Consul to the Ottoman Empire

Personal details
- Born: Andrew Turnbull 1718 Scotland
- Died: March 13, 1792 (aged 73–74) Charleston County, South Carolina, U.S.
- Resting place: Saint Philip's Episcopal Church Cemetery, Charleston, South Carolina, U.S.
- Spouse: Maria Gracia Dura Bin (or Maria Gracia Rubini)

= Andrew Turnbull (colonist) =

Scottish physician and diplomat (1718–1792)

Andrew Turnbull (1718 – March 13, 1792) was a Scottish physician, diplomat and colonist who founded the colony of New Smyrna in British East Florida. His venture recruited 1400 settlers from present-day Greece, Turkey, Italy, Corsica and the Spanish island of Menorca to work as indentured servants on a massive plantation complex.

New Smyrna was established in 1768 but was soon derailed by poor living conditions and mistreatment by Turnbull and his overseers. Following the deaths of a majority of the colonists, the 600 survivors abandoned the settlement and marched to St. Augustine in 1777. New Smyrna established the Florida Minorcan population and the modern town of New Smyrna Beach was incorporated on the site in 1887.

Previously, Turnbull served as the British consul at Smyrna, now known as İzmir, in the Ottoman Empire. His Florida colony was named for the city, the birthplace of his wife Maria Gracia Dura Bin.

==Biography==
In 1768, he founded the colony of New Smyrna, Florida, named in honor of his wife's birthplace, the ancient Greek city of Smyrna (now İzmir) on the Aegean coast of Anatolia. Turnbull was married to Gracia Dura Bin (also cited as Maria Gracia Rubini), the daughter of a Greek merchant from Smyrna. His colony was located in the province of British East Florida, and encompassed some 101,400 acres (410 km^{2}); it was nearly three times the size of the colony at Jamestown.

In partnership with Sir William Duncan he secured a grant of 40,000 acres (160 km^{2}) of land on the east coast of the peninsula, with the requirement from the British government that it be settled within 10 years in the proportion of one person for every 100 acre. In 1765 he sailed to St. Augustine, the capital of the province, and secured the grant from Governor James Grant. The land was located at what is now New Smyrna Beach about 62 mi south of St. Augustine. Turnbull then returned to England, secured financing for his forthcoming venture through bounties from the government and the Board of Trade, and subsequently sailed for the Mediterranean to find colonists "for a Tract of Land in East Florida on which I might settle a small Colony of Greeks," as Turnbull explained in a letter to Lord Shelburne.

One of Turnbull's prospective partners in the venture was Francis Levett, an English factor working in Livorno for the Levant Company. From a powerful English mercantile family with extensive trading connections, Levett hoped to use his influence in the Levant to supply Greek laborers to Turnbull's new colony. Levett then left London, where he had relocated, and settled in British East Florida, where he was granted a 10000 acre plantation by Governor Grant. His collaboration with Turnbull apparently came to naught.

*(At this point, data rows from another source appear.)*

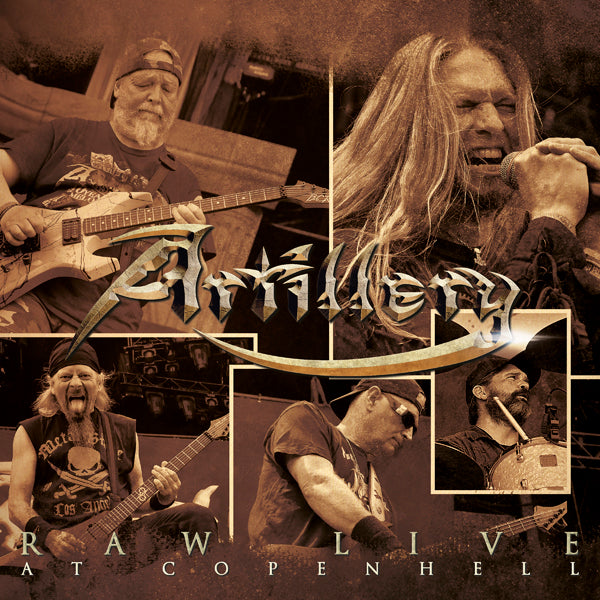 Artillery - Raw Live At Copenhell - Thrash Metal - CD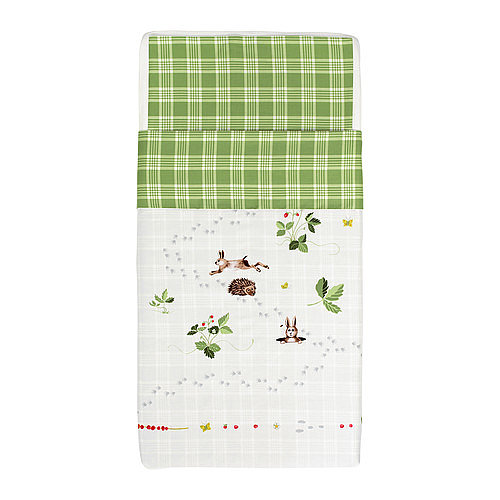 Vandring Igelkott Crib Bedding Vandring Igelkott Crib Bedding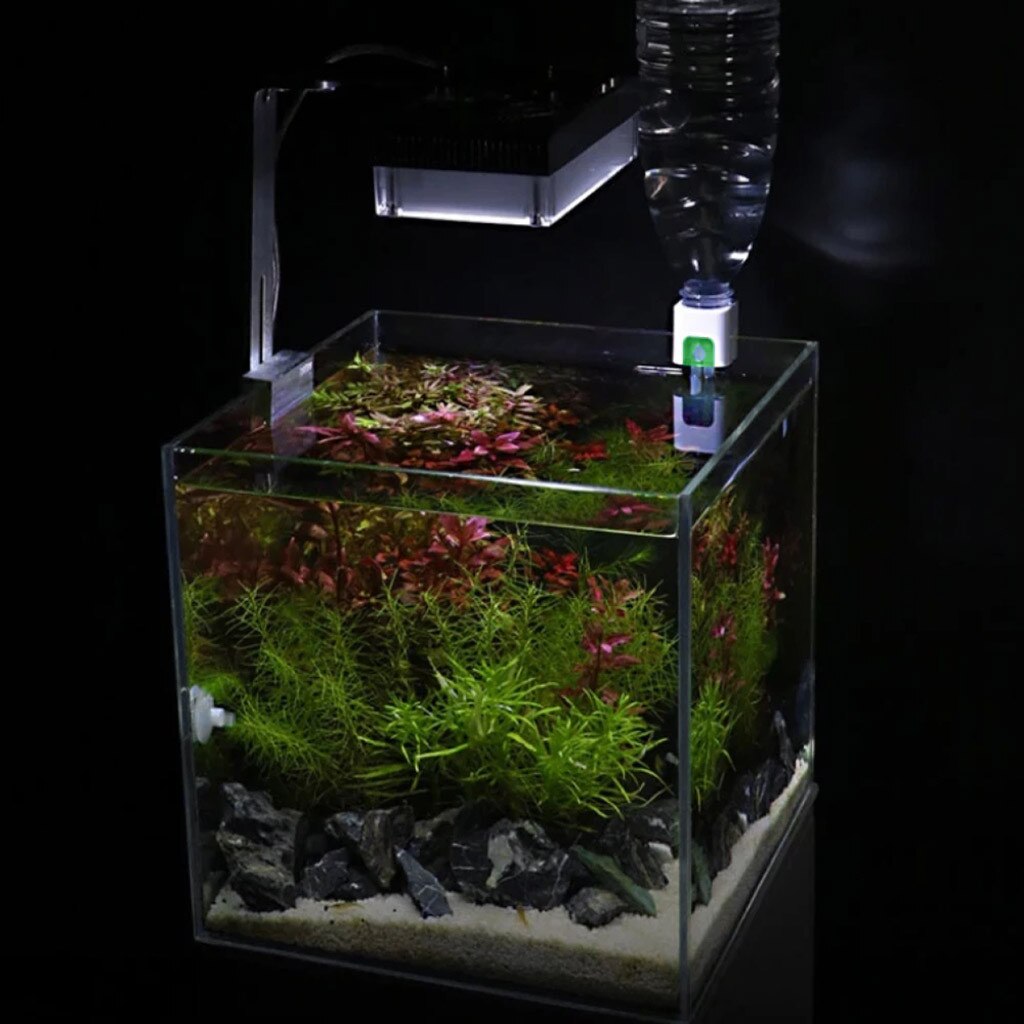 Auto Water Filler Mini nano Hang On Auto Water Filler Refill Top Off System Aquarium Sytem FishTank Water Level Controller Coral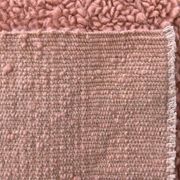 Handmade Berber rug with pink patterns, size 1.5/2.5 m.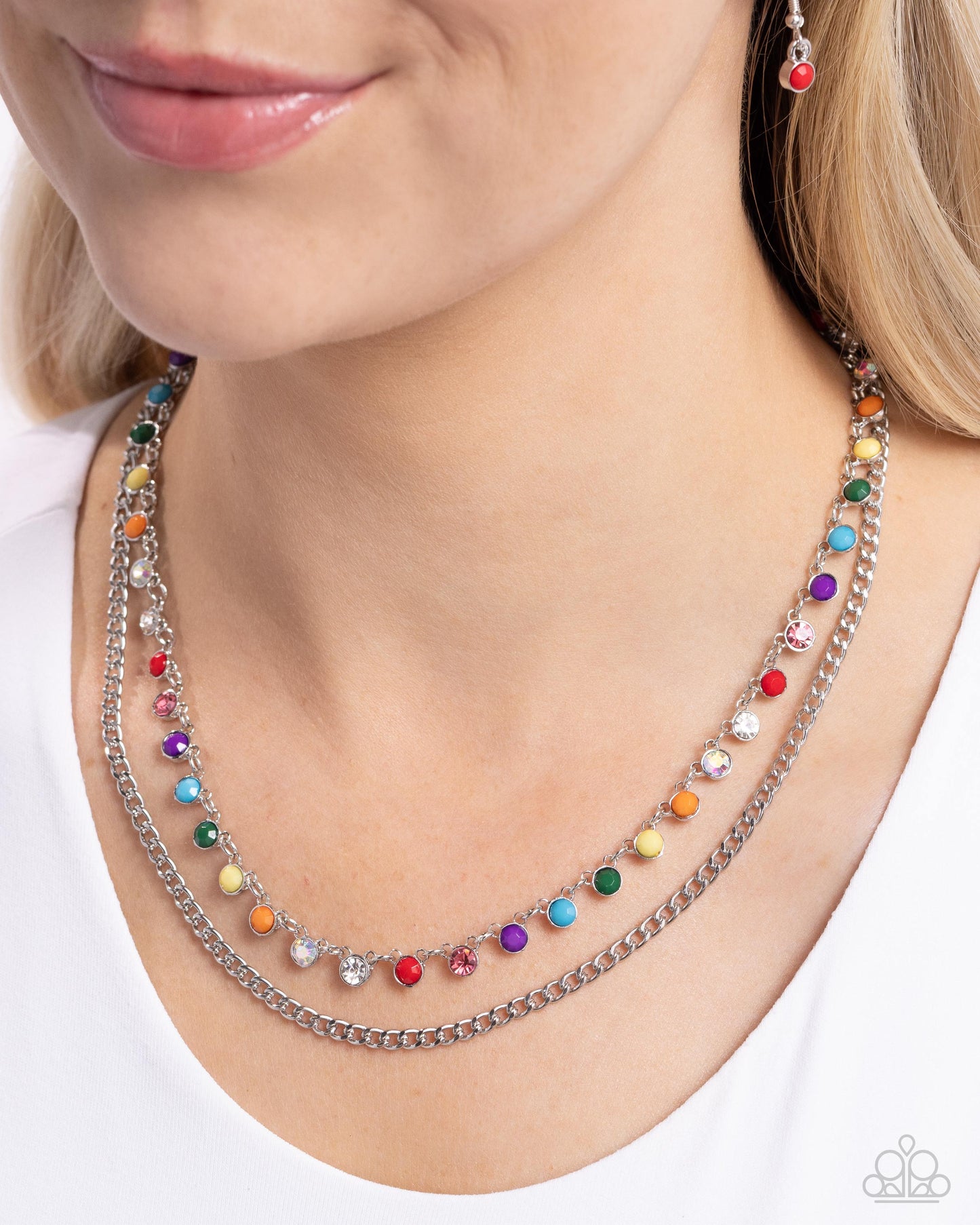 Delicate Dame - Multi Necklace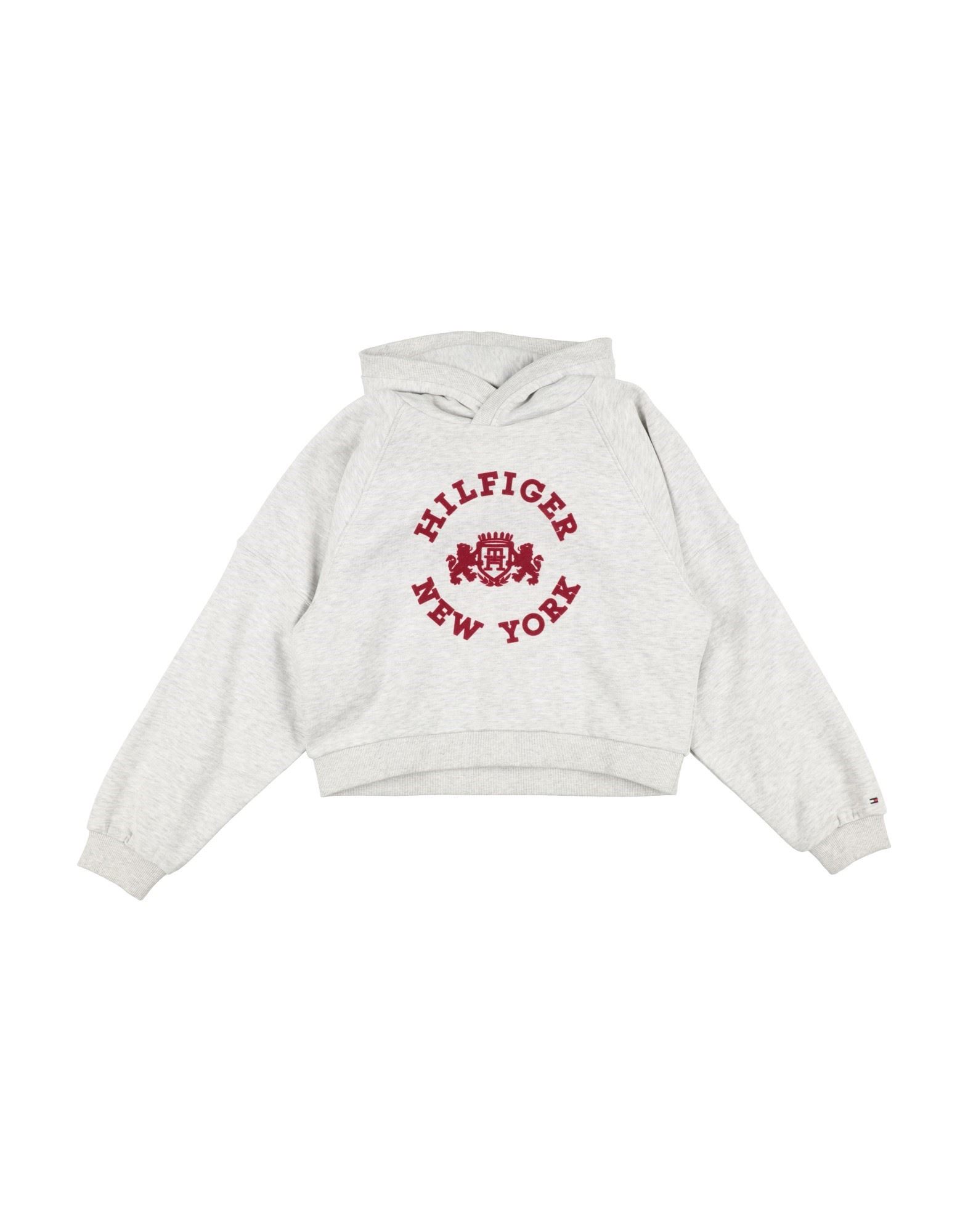 TOMMY HILFIGER Sweatshirt Kinder Hellgrau von TOMMY HILFIGER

In June 1767, Turnbull arrived with his ships in the Mediterranean, where he visited Mahon, Menorca; Livorno, Italy; Smyrna, Asia Minor; Melos, Mani, Koroni, Methoni in Greece; Crete; Santorini; and Corsica. He encountered opposition from French, Italian, and Turkish authorities, who did not want to see their subjects leave, but after persistent efforts, he finally rounded up over 1,400 indentured servants, the majority from Menorca, and left for his new colony in East Florida. In his contract, Turnbull made promises for his colonists to work for three years, after which they would be freed and given a title to fifty acres; however he never fulfilled this promise.

Turnbull's settlers eventually succeeded in producing crops of high quality indigo, hemp and sugarcane for making rum, but the plantation suffered major losses due to insect-borne diseases and Native American raids. Meanwhile, tensions grew between Turnbull and the colonists because of his neglect and mistreatment by his overseers. The remaining colonists marched north in 1777 to St. Augustine along the King's Road to complain of this mistreatment to Governor Patrick Tonyn, and permanently abandoned New Smyrna when he offered them sanctuary. In 1783 Florida was returned to the Spanish, and Turnbull left his plantation to retire in Charleston, South Carolina.